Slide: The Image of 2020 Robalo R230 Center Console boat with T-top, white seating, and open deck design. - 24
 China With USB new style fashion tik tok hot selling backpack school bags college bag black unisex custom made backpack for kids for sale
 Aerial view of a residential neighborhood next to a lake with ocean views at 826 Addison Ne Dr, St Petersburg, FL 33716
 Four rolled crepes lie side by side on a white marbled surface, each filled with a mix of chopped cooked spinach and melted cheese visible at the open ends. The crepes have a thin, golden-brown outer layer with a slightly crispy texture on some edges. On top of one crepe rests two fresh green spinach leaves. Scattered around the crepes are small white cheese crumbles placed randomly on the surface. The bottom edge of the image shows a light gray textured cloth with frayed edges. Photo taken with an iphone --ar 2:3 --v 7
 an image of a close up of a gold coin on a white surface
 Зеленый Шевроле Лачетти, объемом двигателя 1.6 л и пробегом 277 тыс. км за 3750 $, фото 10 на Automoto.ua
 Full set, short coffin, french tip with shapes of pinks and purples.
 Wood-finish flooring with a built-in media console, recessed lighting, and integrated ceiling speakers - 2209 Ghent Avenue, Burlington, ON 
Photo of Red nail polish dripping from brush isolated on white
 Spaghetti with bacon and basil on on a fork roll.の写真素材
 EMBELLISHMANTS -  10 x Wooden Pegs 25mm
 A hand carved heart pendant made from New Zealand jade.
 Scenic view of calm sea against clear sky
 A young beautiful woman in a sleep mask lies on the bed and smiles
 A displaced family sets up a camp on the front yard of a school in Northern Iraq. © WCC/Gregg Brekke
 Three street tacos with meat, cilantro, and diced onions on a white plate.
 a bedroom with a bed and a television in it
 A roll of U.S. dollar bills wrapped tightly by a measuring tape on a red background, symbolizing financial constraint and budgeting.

========

● Work to complete
Reproduce the records above exactly, from the first line through the line containing "Full set, short", and output nothing else.

● Answer box
Slide: The Image of 2020 Robalo R230 Center Console boat with T-top, white seating, and open deck design. - 24
 China With USB new style fashion tik tok hot selling backpack school bags college bag black unisex custom made backpack for kids for sale
 Aerial view of a residential neighborhood next to a lake with ocean views at 826 Addison Ne Dr, St Petersburg, FL 33716
 Four rolled crepes lie side by side on a white marbled surface, each filled with a mix of chopped cooked spinach and melted cheese visible at the open ends. The crepes have a thin, golden-brown outer layer with a slightly crispy texture on some edges. On top of one crepe rests two fresh green spinach leaves. Scattered around the crepes are small white cheese crumbles placed randomly on the surface. The bottom edge of the image shows a light gray textured cloth with frayed edges. Photo taken with an iphone --ar 2:3 --v 7
 an image of a close up of a gold coin on a white surface
 Зеленый Шевроле Лачетти, объемом двигателя 1.6 л и пробегом 277 тыс. км за 3750 $, фото 10 на Automoto.ua
 Full set, short coffin, french tip with shapes of pinks and purples.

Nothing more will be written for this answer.